One can imagine that Friel wrote "American Welcome" to get a little of his own back (perhaps after a real-life conversation with an American director about, say, his monologue-based play Molly Sweeney). And he does: "American Welcome" is an excellent example of how a monologue should work. In short, it should be a dialogue, usually between a character and himself. ("To be, or not to be," Hamlet wonders, and argues for both options.) But "American Welcome" is much more clearly a dialogue -- between Bert and the playwright. It's just that the playwright never gets a word in edgewise.

Paul Curtiss, who both directed and played the foreigner, and Josh Demers as Bert understand this. Demers achieved a variety of tones in his performance while playing to the speechless Curtiss, who responded with memorable expressions.
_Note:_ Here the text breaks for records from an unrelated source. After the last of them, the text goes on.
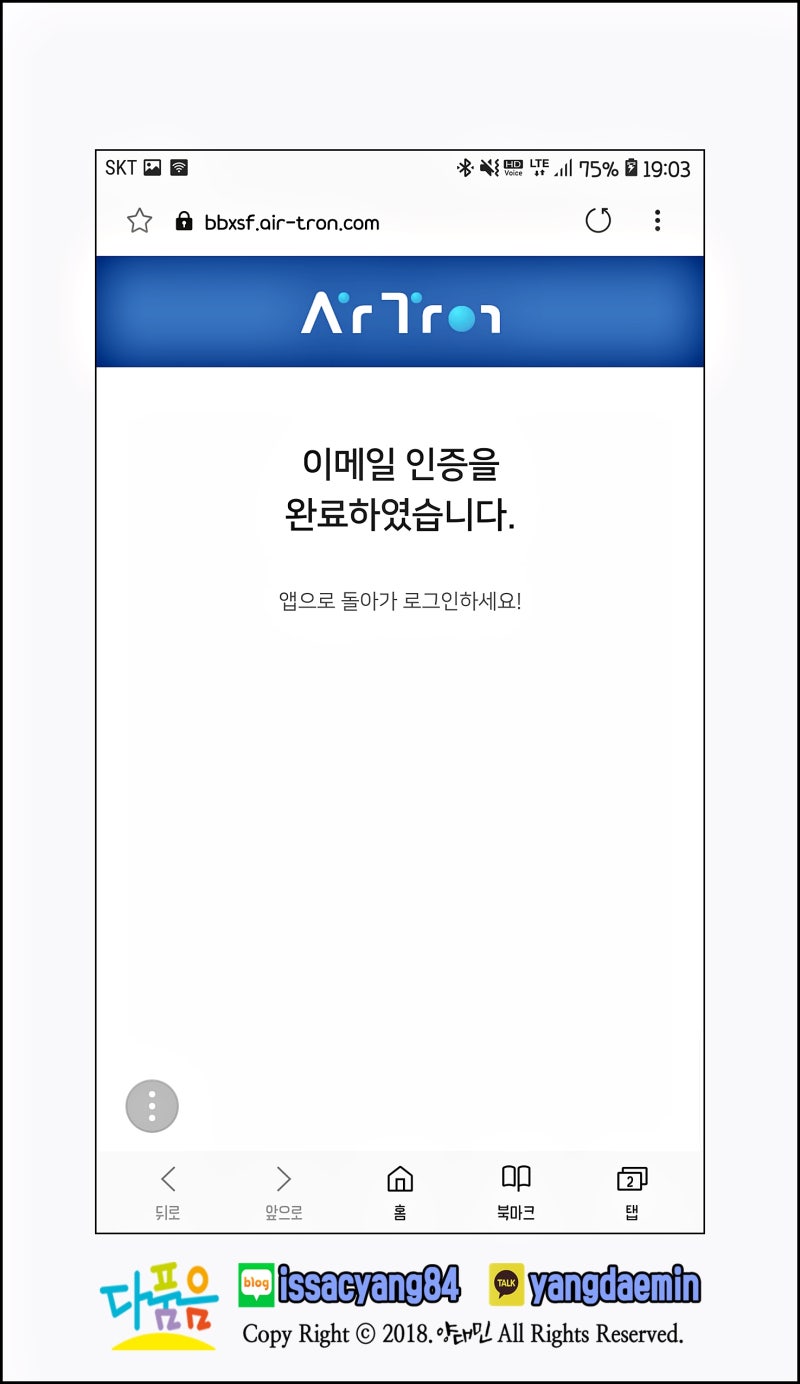 에어트론 M7, 세 번째 이야기 - IoT GPS 가입 및 메뉴 파해치며 사용하기 / 어플 실행하여 자유롭게 이용하기! : 네이버 블로그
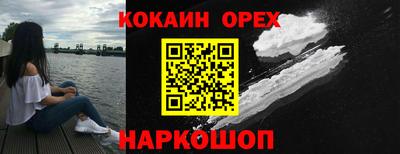 меф VHQ Гатчина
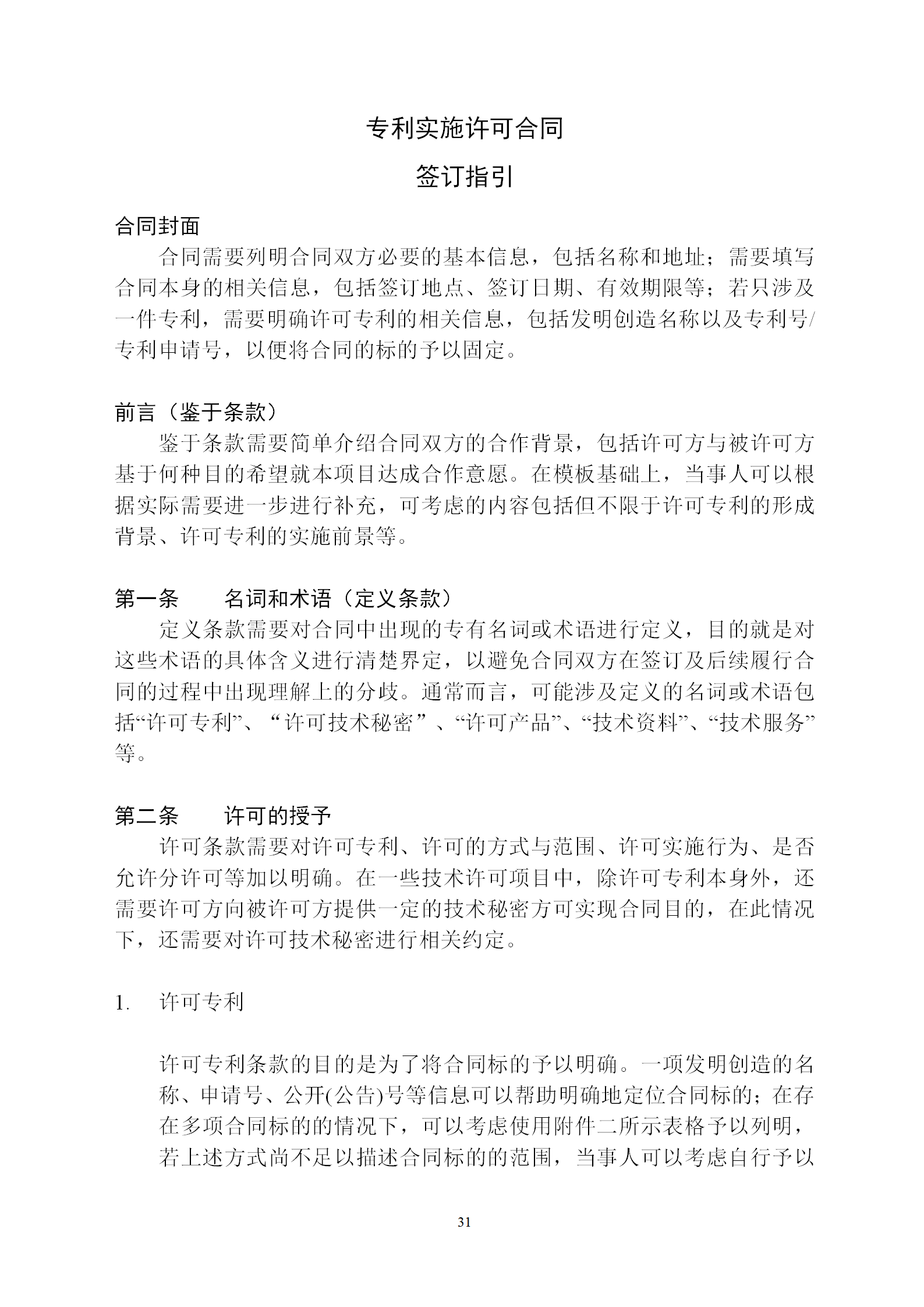 國知局：專利權轉讓、專利實施許可合同模板及簽訂指引公開征求意見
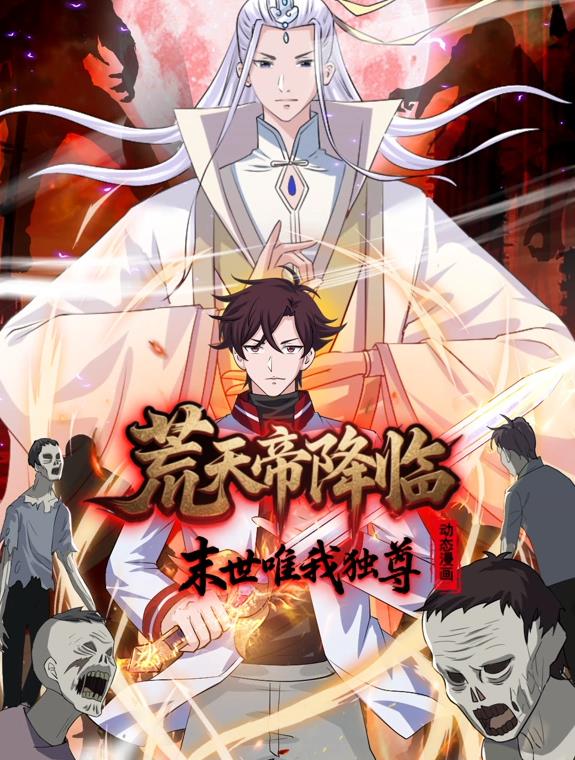 荒天帝降临：末世唯我独尊动态漫画(全集)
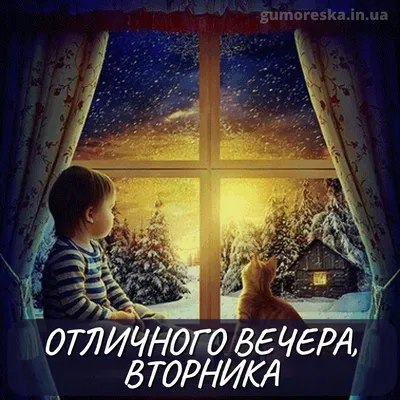 Картинки с добрым вечером вторника и открытки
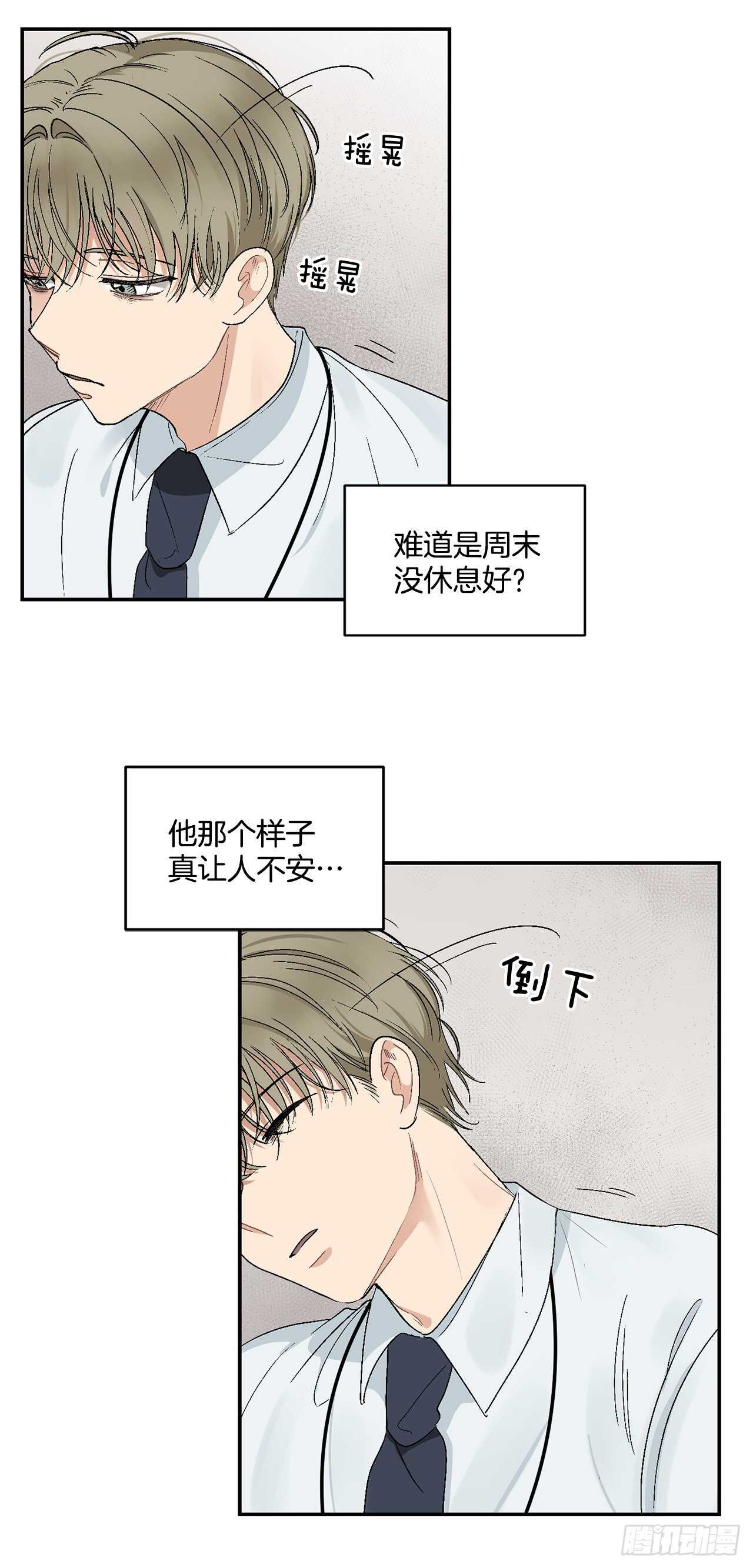 15.晕倒在会议室-第16话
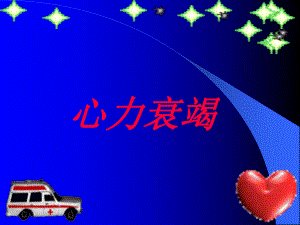 病理生理学心衰.ppt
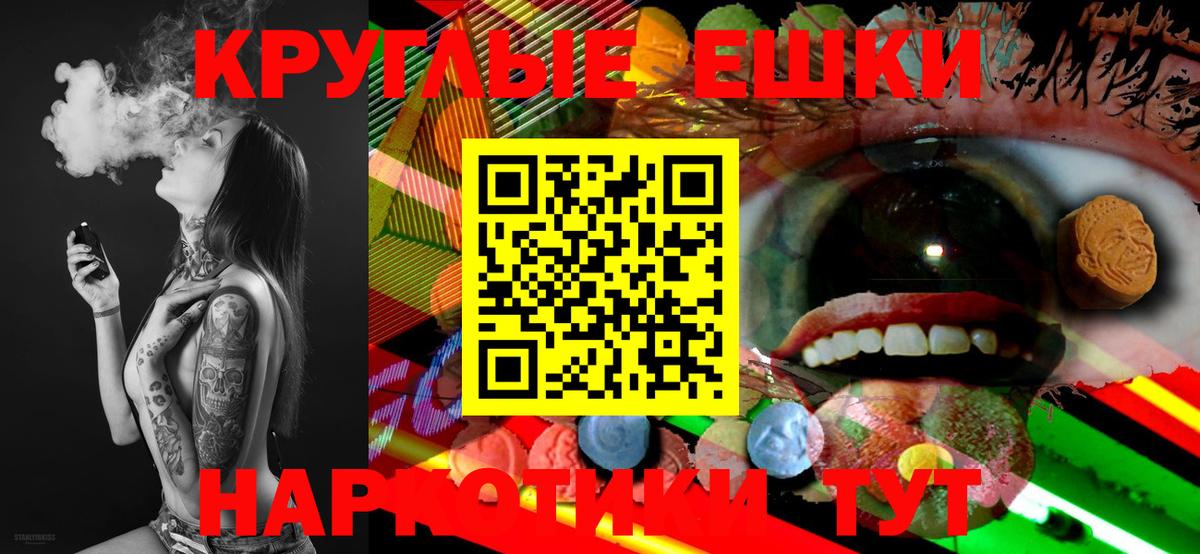 Ecstasy Дубай  Вход с VPN  Ecstasy louis Vuitton  Чебоксары 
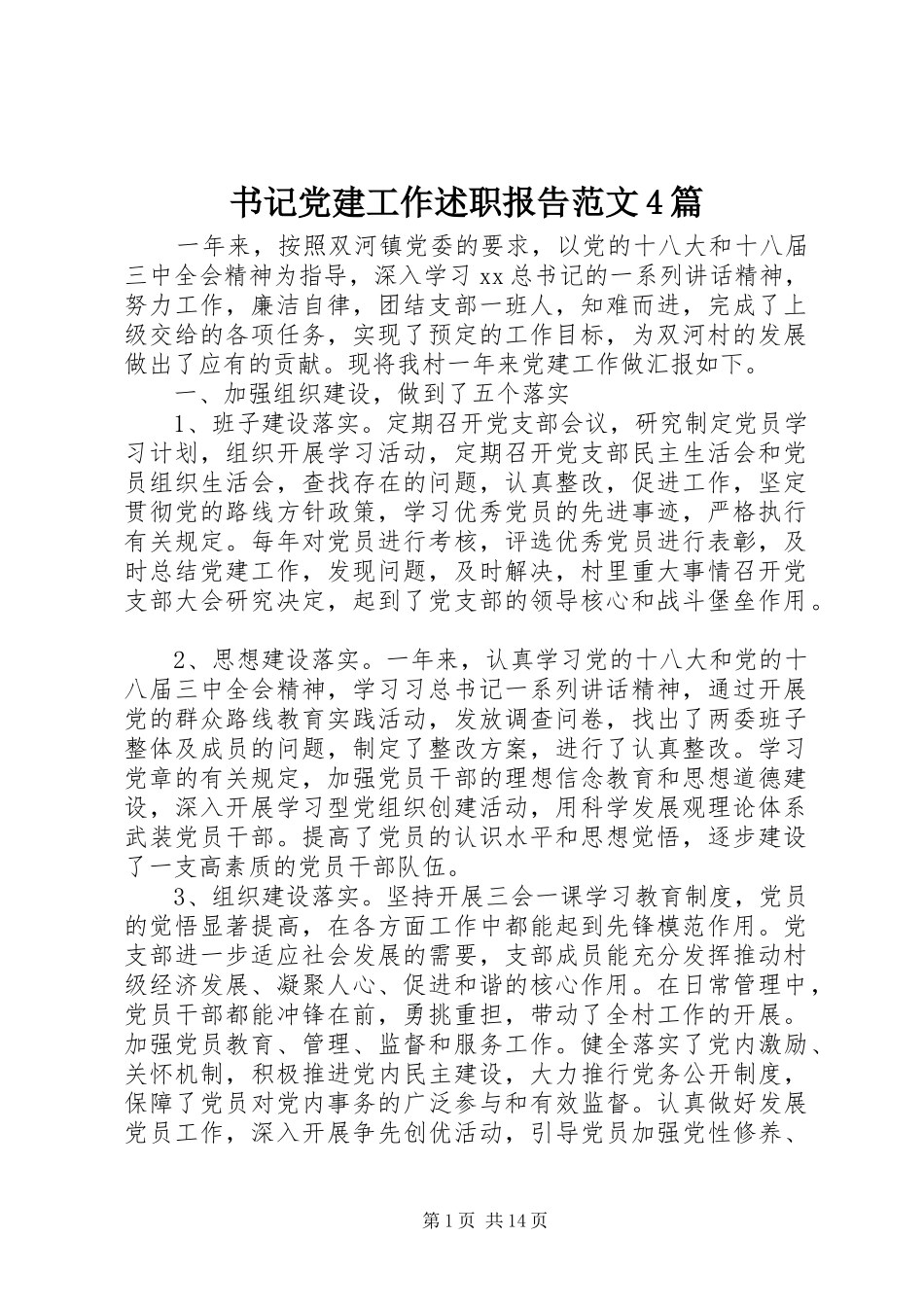 书记党建工作述职报告范文4篇_第1页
But they could have developed this "dialogue" even further; for example, Curtiss might have almost spoken several times and been cut off by Demers. Still, this rendition certainly got the spirit of the piece across.

The most remarkable element of Theatre in the Nude Round's performance was the troupe's obvious eagerness to experiment and play. True, they lacked the polish of professional actors; most of the pieces contained pauses that, while realistic, are out of place on stage where anything that takes up time must be justified or deleted. But these volunteer actors and directors made strong choices and created compelling pieces. Their decision to donate the proceeds to Straight Talk Vermont was a strong choice as well.